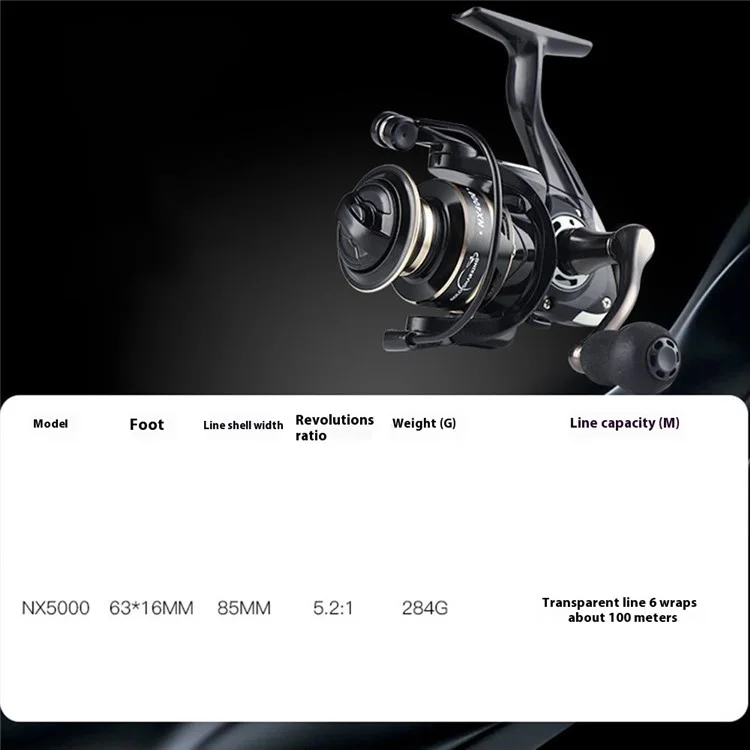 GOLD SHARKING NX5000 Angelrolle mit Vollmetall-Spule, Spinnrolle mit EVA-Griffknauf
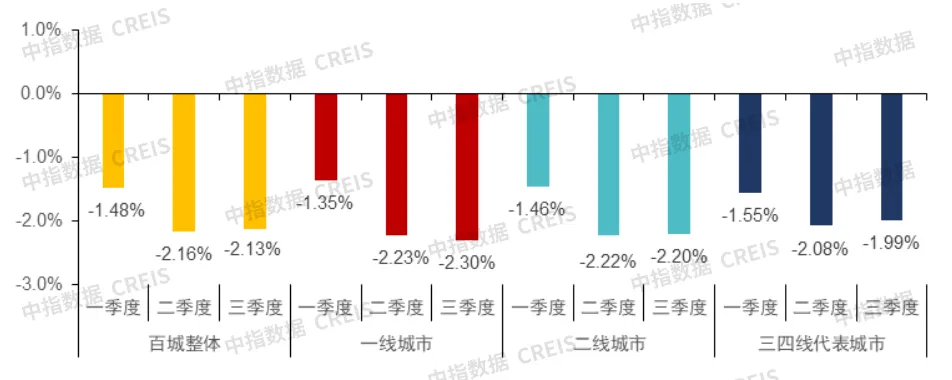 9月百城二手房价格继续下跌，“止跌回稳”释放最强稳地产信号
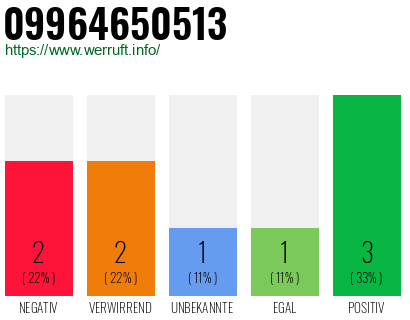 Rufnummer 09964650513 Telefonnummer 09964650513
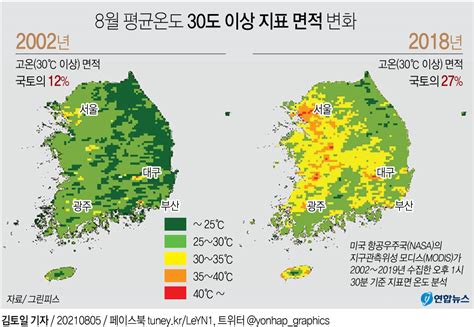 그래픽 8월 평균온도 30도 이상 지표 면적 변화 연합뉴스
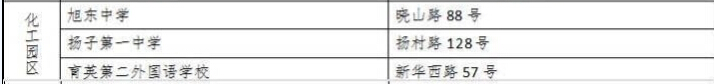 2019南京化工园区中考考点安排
########
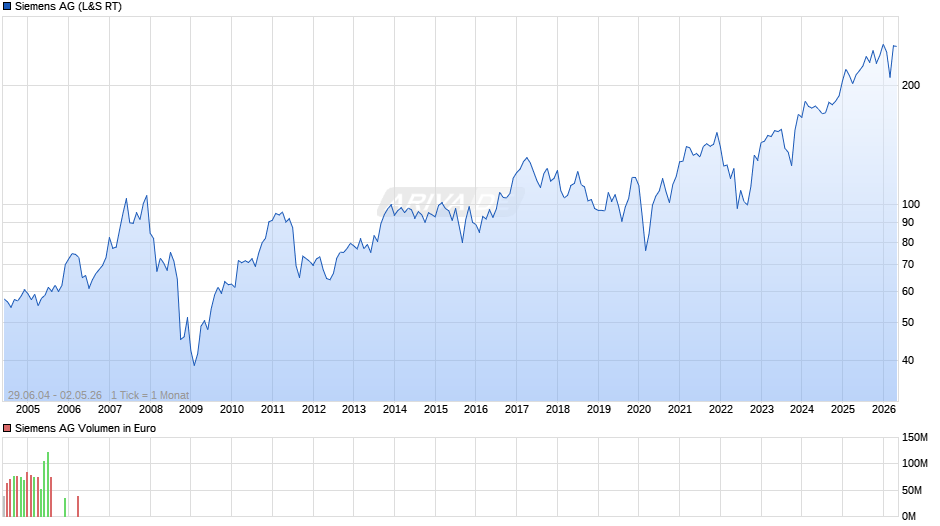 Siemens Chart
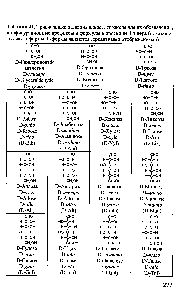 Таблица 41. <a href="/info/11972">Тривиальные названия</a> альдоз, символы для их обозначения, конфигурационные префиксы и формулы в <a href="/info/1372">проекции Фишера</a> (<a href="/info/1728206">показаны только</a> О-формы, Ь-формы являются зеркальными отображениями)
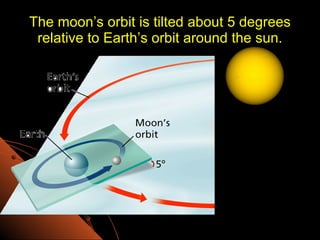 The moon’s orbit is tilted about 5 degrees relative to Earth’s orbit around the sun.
########
▶ Activity: Within the listing above, write out the stretch from the line with "GOLD SHARKING NX5000" through the line with "2019南京化工园区中考考点安排" exactly. Any pictures are to be left out.

▶ Response box:
 GOLD SHARKING NX5000 Angelrolle mit Vollmetall-Spule, Spinnrolle mit EVA-Griffknauf
 9月百城二手房价格继续下跌，“止跌回稳”释放最强稳地产信号
 Rufnummer 09964650513 Telefonnummer 09964650513
 그래픽 8월 평균온도 30도 이상 지표 면적 변화 연합뉴스
 2019南京化工园区中考考点安排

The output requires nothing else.